Masuko acknowledged that the Japanese carmaker has fallen hard since its U.S. sales peaked at 354,111 vehicles in 2002. But he sees sales reversing their steady decline and expanding this year and next. New products, patience, moderate incentives and sustainable growth will be the key, he says.
“People have been asking me for the past six years whether Mitsubishi's going to withdraw from the market,” Masuko said in a Tuesday interview. “But it never enters my mind.”
“We have never thought about withdrawing from the U.S. market, and we will not do so.”
Mitsubishi's U.S. sales are off about 4 percent to 36,431 units through August in an overall market that is up 8 percent year-to-date.
Mitsubishi's rapid expansion in the early 2000s was fueled by unprecedented 0 percent financing. A more rapid plunge in sales, spurred by the global financial crisis, has prompted analysts to wonder whether Mitsubishi might be the next Japanese carmaker to quit the U.S. market following Isuzu's pullout in January 2009.
The company needs more disciplined incentives to gradually build sales, Masuko said.
The automaker's average incentives came down roughly $270 per vehicle in the April-June quarter but were still above $3,000 per unit, he said. For the full fiscal year ending March 31, 2011, Masuko said the automaker's average annual incentive should decline to under $3,000.
Mitsubishi will unveil a mid-term business plan, probably in November, and provide a detailed forecast for its U.S. operations. The company will also outline a plan to revive its under-utilized assembly plant in Normal, Ill., Masuko said. It may entail a new model or platform to be built there.
“We're always talking about what the best scale for our sales in the United States would be,” Masuko said. “But my personal opinion is that in the United States, I don't know how many years it would take, but our target could be around 200,000 units.”
For the current fiscal year ending March 31, 2011, Mitsubishi wants U.S. sales of 68,000 units, up from 54,000 last year. Sales should rise again the following year, aided by the introduction of the new Outlander Sport small SUV, Masuko said.

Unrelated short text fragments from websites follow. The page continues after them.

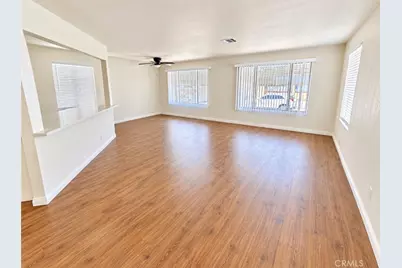 725 W Thornton Ave #105, Hemet, CA 92543 - Photo 5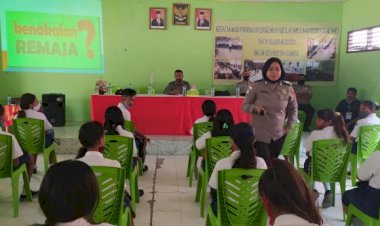 Sosialisasi-Ops-Bina-Kusuma-2020,-Sat-Binmas-Polres-Belu-Selipkan-Pesan-Protokol-Kesehatan-untuk-Pelajar-MPLS-SMA-Kristen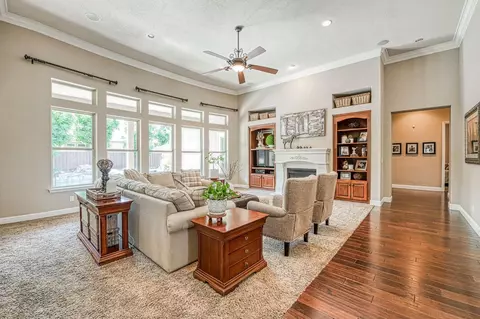 Living - 526 W Powers, Clovis, CA 93619 photo 3 of 7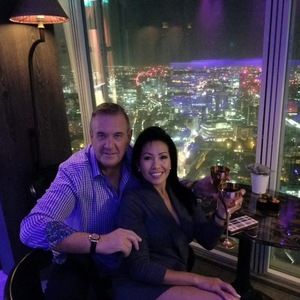 Meet your Posher, Sharon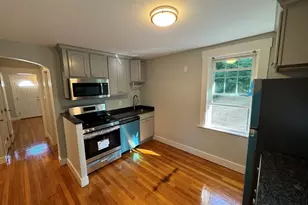 142 Warren Rd, Framingham, MA 01702 - Photo 2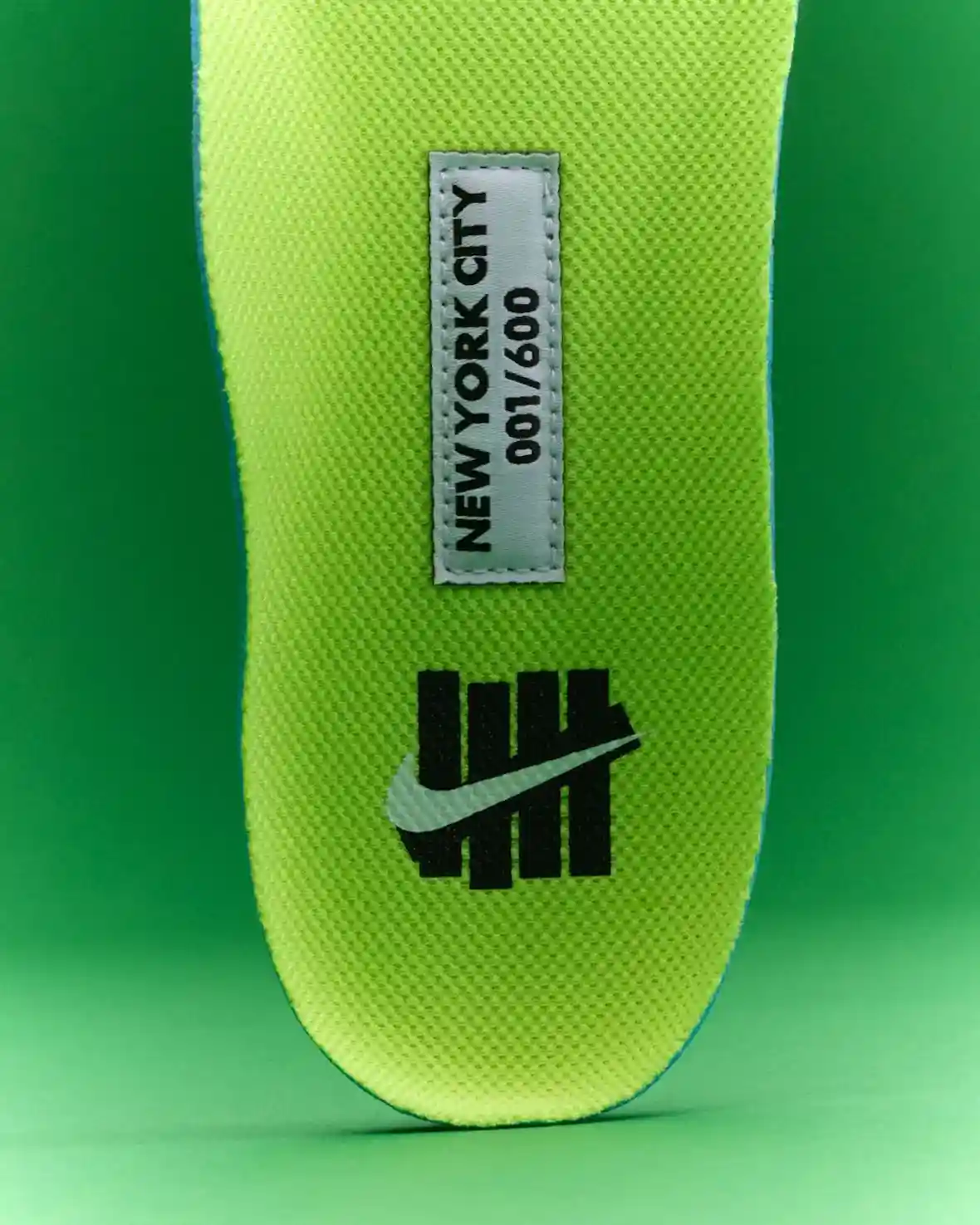 Undefeated 發佈限量版 Nike Air Max 95 Geo 獨家套裝 Undefeated, Nike Air Max 95, Nike - Undefeated 發佈限量版 Nike Air Max 95 Geo 獨家套裝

Overhauling a U.S. lineup heavy in outdated vehicles such as the Galant sedan, Eclipse sport coupe and Endeavor SUV will be essential to any turnaround.
Masuko said to expect changes.
“I cannot speak about it too concretely, but from what we know at the moment, it is not possible to continue with the models that we have had,” he said.
Long oriented toward SUVs and large sedans, the company now wants to shrink with smaller, fuel efficient cars. Electric vehicles also figure into its future. The i-MiEV electric car will be arriving in the United States next year and will be followed by the PX MiEV plug-in hybrid.
Instead of toiling on cars designed for developed markets, such as the Eclipse, Mitsubishi is pursuing world cars with more universal appeal. Sales trends support the new priorities.
North America is by far the smallest market for Mitsubishi. The region accounted for just 9 percent of the company's global unit sales in the fiscal year ended March 31.